## WORK TASK
Filter the lines below, copying only those with the string "Black".
SUPPLIED ENTRIES START
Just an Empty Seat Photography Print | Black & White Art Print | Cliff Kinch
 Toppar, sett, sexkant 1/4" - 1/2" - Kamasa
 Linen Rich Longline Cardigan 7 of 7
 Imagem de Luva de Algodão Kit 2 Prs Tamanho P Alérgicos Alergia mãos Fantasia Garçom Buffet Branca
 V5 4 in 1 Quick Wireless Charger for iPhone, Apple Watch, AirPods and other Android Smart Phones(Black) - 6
SUPPLIED ENTRIES END
## RESPONSE BELOW
Just an Empty Seat Photography Print | Black & White Art Print | Cliff Kinch
 V5 4 in 1 Quick Wireless Charger for iPhone, Apple Watch, AirPods and other Android Smart Phones(Black) - 6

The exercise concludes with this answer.